--- Materials provided Enclosed Below ---
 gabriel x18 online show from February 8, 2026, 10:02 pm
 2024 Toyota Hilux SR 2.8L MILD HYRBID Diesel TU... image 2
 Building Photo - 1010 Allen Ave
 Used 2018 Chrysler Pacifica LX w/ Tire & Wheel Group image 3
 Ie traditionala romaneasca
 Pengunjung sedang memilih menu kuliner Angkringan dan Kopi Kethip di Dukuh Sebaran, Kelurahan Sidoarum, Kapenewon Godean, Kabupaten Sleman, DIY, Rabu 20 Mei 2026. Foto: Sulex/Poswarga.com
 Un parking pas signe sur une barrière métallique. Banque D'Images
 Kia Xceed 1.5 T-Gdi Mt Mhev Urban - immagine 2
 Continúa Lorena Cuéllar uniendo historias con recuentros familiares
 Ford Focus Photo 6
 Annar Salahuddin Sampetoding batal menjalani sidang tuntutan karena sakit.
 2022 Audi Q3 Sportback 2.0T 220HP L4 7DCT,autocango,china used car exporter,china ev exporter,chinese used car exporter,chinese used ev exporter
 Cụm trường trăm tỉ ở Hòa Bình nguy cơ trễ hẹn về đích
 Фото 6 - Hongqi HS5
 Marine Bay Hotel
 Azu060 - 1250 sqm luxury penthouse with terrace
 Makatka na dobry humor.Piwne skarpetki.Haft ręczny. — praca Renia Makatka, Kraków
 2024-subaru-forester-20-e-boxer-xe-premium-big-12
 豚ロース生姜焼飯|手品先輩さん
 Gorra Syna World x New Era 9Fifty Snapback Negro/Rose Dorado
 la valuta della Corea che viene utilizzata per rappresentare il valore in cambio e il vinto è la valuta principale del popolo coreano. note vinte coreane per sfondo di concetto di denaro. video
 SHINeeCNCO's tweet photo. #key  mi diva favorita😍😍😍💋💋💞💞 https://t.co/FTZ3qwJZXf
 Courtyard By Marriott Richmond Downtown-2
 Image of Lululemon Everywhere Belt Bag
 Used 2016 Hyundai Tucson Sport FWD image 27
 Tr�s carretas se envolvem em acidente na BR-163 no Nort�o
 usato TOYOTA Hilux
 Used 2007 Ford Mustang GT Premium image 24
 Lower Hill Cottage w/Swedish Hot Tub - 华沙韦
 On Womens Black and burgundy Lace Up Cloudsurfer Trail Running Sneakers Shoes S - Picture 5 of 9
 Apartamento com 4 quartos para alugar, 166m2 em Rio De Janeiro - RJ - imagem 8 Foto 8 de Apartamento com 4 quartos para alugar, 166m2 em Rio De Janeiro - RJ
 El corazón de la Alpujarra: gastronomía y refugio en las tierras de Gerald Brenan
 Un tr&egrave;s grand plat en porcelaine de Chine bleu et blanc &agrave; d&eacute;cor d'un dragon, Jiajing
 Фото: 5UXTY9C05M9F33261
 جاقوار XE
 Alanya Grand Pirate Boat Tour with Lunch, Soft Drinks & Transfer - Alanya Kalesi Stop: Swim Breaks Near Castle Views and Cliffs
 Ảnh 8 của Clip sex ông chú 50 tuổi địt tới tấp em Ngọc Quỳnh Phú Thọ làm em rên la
--- End of Enclosed Materials provided ---
Problem
Begin with the first line of the records and finish with the line containing "Ie traditionala romaneasca". Reproduce those lines exactly, both ends included, and nothing else.

Reply to the exercise
 gabriel x18 online show from February 8, 2026, 10:02 pm
 2024 Toyota Hilux SR 2.8L MILD HYRBID Diesel TU... image 2
 Building Photo - 1010 Allen Ave
 Used 2018 Chrysler Pacifica LX w/ Tire & Wheel Group image 3
 Ie traditionala romaneasca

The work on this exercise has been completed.